Mais cette escalade politique pourrait fragiliser la coalition. Les députés du Likoud dénoncent une “prise d’otage parlementaire”, tandis que les partis d’opposition observent la scène avec amusement. Yair Lapid, chef de Yesh Atid, a accusé le gouvernement d’“hypocrisie morale”. “Ils ont envoyé nos soldats au front, mais quand il s’agit de les soutenir, tout s’arrête sur des calculs politiques.”
En toile de fond, la question du statut du réserviste israélien dépasse le simple cadre fiscal. Elle touche à l’identité même du pays. Depuis un an, plus de 360 000 Israéliens ont été mobilisés, un chiffre sans précédent depuis 1973. Cette armée de citoyens, souvent composée de pères de famille, de médecins, d’ingénieurs ou d’étudiants, forme l’épine dorsale de la sécurité nationale.

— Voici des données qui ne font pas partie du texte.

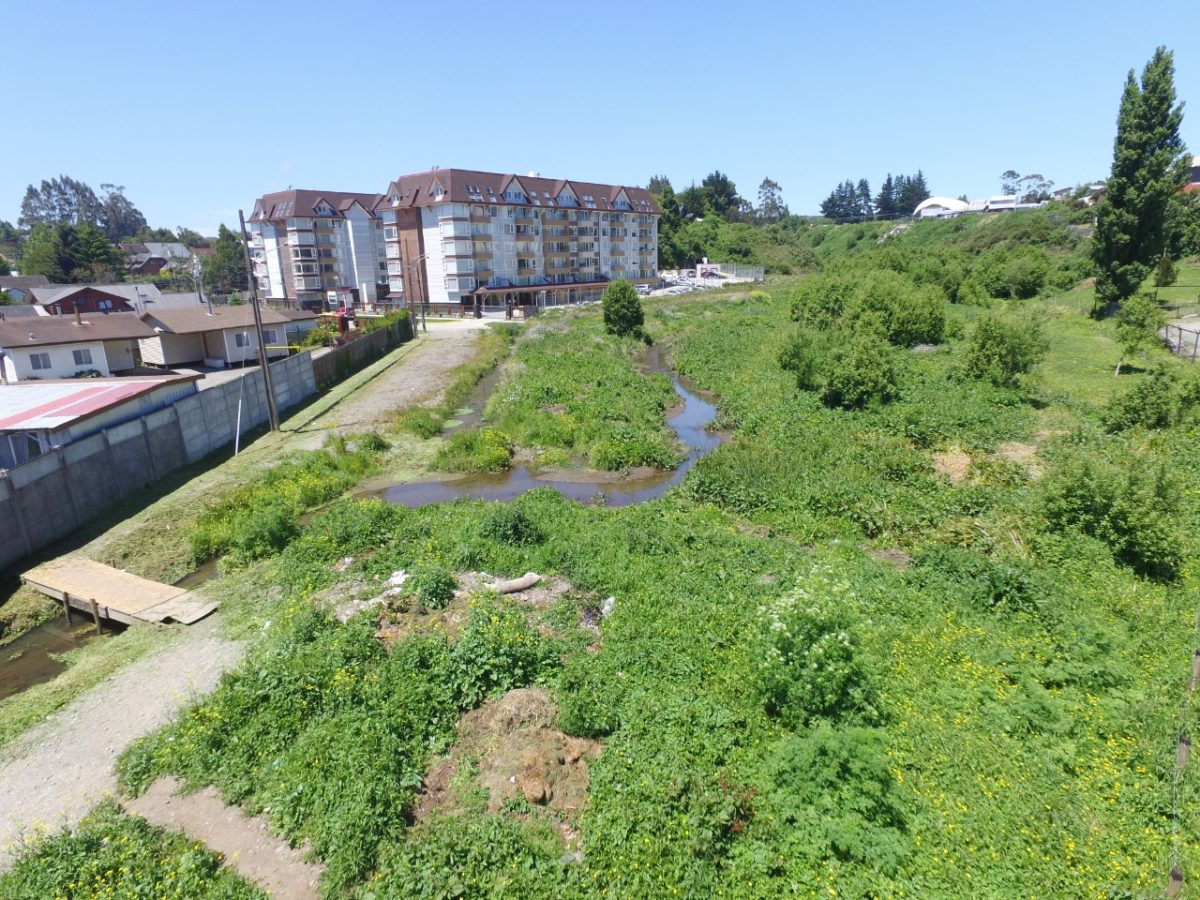 Quebrada Parque - Diario Puerto Varas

“Sans eux, Israël n’existerait tout simplement pas”, rappelait récemment le ministre de la Défense Israël Katz, saluant “un effort héroïque, mené sans relâche ni plainte”. Katz a soutenu la position de Smotrich, appelant la coalition à “agir vite pour transformer la gratitude en actes concrets”.

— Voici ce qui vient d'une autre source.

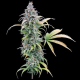 Thai Herer 99 - BROTHERS GRIMM SEEDS | TanieSianie.pl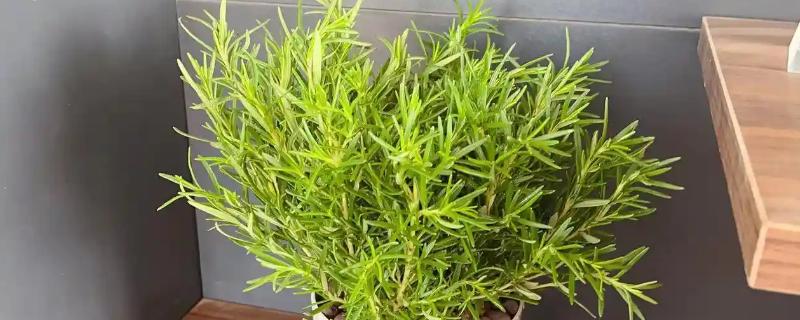 迷迭香的叶片为何会卷曲，一般是缺水、光照太强等因素所致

Dans les rues, la population ne cache pas son exaspération. Devant la Knesset, des familles de réservistes ont organisé un petit rassemblement avec une pancarte simple : “Nos maris ont donné leur temps, donnez-leur au moins du respect.”
Cette bataille parlementaire, en apparence technique, révèle en réalité un clivage profond entre ceux qui portent le pays sur leurs épaules et ceux qui calculent en coulisses. Pour Smotrich, la ligne rouge est claire : tant que la reconnaissance des soldats restera bloquée, il n’y aura plus de discipline de vote.
Et dans une période où les défis sécuritaires demeurent considérables, son message résonne avec une intensité particulière : la loyauté envers les réservistes n’est pas une option politique — c’est le socle même de la nation.